A primary reason, Kompela said, is that if a competitor can extract data on such a large scale, it reduces the justification for investing in R&D.
“Frontier AI models cost billions in compute, talent and infrastructure,” Kompela said. “If a competitor can undercut that investment by systematically removing capabilities, the economics of innovation and VC investment could collapse.”
Also, as Anthropic mentioned, safety railings are usually removed during distillation. Therefore, if additional security controls are not added later to prevent malicious AI use, distilled models generally carry greater risk, Kompela continued.

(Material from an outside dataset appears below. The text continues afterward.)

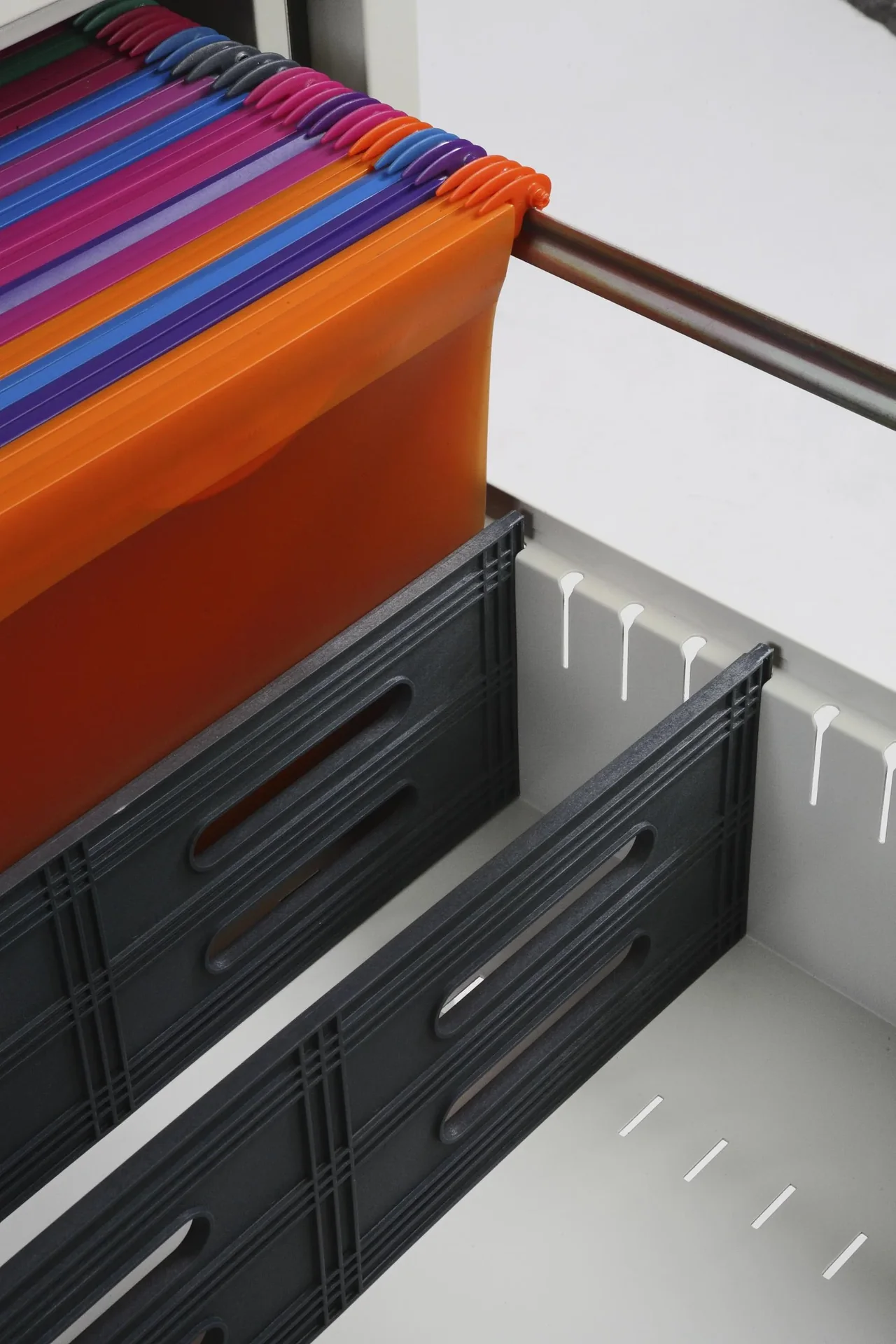 Aktenschrank World Class Vertical Fire File mit 4 Schubladen und Schlüsselschloss - 1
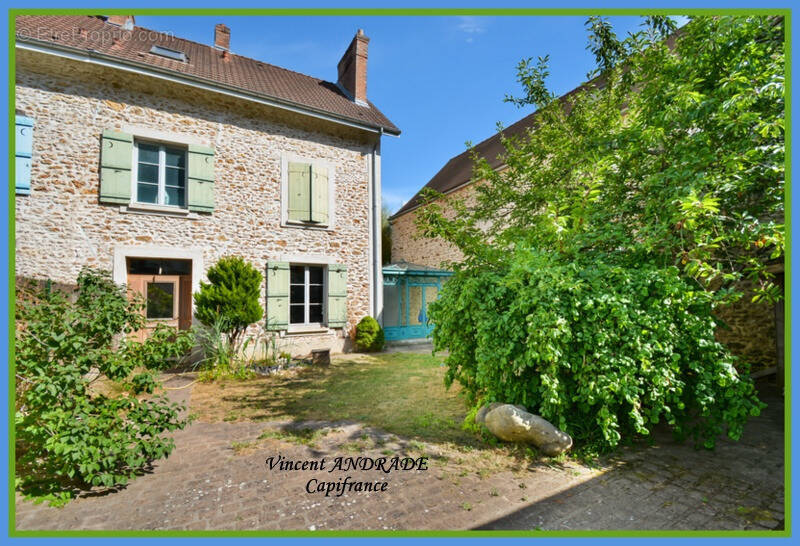 Maison à CHEPTAINVILLE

He said the key thing here is that vendors should include model security as a key feature.
The extraction also carries the risk that enterprise data will be misused and turned over to the Chinese government, said Lian Ze Su, an analyst at Omdia, a division of Informa TechTarget.

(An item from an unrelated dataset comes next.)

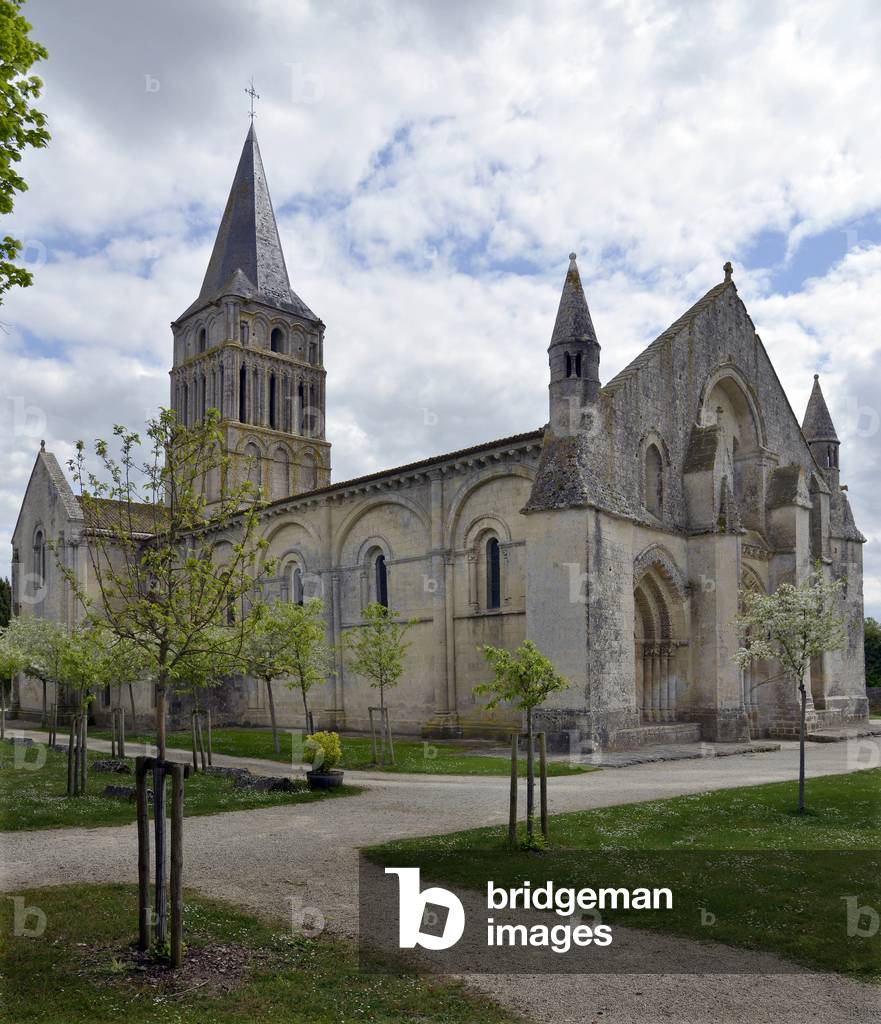 View of the western facade of the church of Saint Pierre (Saint-Pierre) d'Aulnay (17470), Charente-Maritime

“If these types of activities are ignored, it creates a backdoor where training data that attracts users could contain sensitive company data that could be accessed by the Chinese government and Chinese officials or resold to other parties with malicious intent,” Su said.
Anthropic’s next step is to put more emphasis on mechanisms that help it better protect its models as distillation is likely to continue, Su said.
“There will always be some type of malicious activity taking place, perhaps not by the model vendor, perhaps by the developer community in China,” he said.
On the other hand, Anthropic’s claims show how the vendor continues to align itself with US domestic interests. In recent months, the AI vendor has supported US chip export ban. On its blog, Anthropic said the distillation attacks show that “restricted chip access limits both direct model training and the scale of illicit distillation.”
Chinese AI Market
While there’s nothing wrong with Anthropic’s focus on the US and how it will benefit its regional market, since Chinese vendors are similarly focused on the Chinese AI market, it can’t be said that Chinese vendors are successful simply because they copied US vendors, Su said.
“Yes, there may be some stuff borrowed from Anthropic, but then I think they also have their own innovations that they bring to the table as well,” he said, adding that each vendor has been successful in building their own developer communities.
For example, moonshot km k2 is a trillion-parameter model. To make up for this, Moonshot introduced MuonClip, an optimizer known for its token efficiency.
These types of innovations are independent from American vendors, Su said.
“They are not just pure copycats,” he said. “You can’t do this kind of work without strong AI. You need a very strong team of AI engineers.”
Moreover, AI competition in China remains fierce, Su said. These vendors compete not only with US vendors like OpenAI and Anthropic Alibaba, Baidu And other Chinese sellers. It’s also likely that these vendors are not alone in distilling Anthropic and OpenAI’s models, Su said, but rather they are set apart by their ability to build something new on top of what they’ve learned.
However, being able to innovate becomes less impressive when you are labeled a copycat and plagiarist.
“It creates reputational risks,” Kompela said. He said that while Chinese vendors have technological advancements, Anthropic’s allegations complicate the brand. “The reputational challenge is that it becomes difficult to separate even strong, independent innovation from accusations of appropriation.”
For enterprises looking into this game, the main thing is to critique the safety guardrails included in the models they use.
“Training data lineage is increasingly becoming a board-level issue,” Kompela said. “If there is uncertainty about how a model was trained – whether it relied on unauthorized access, breached conditions or bypassed controls – then it becomes a buy red flag.”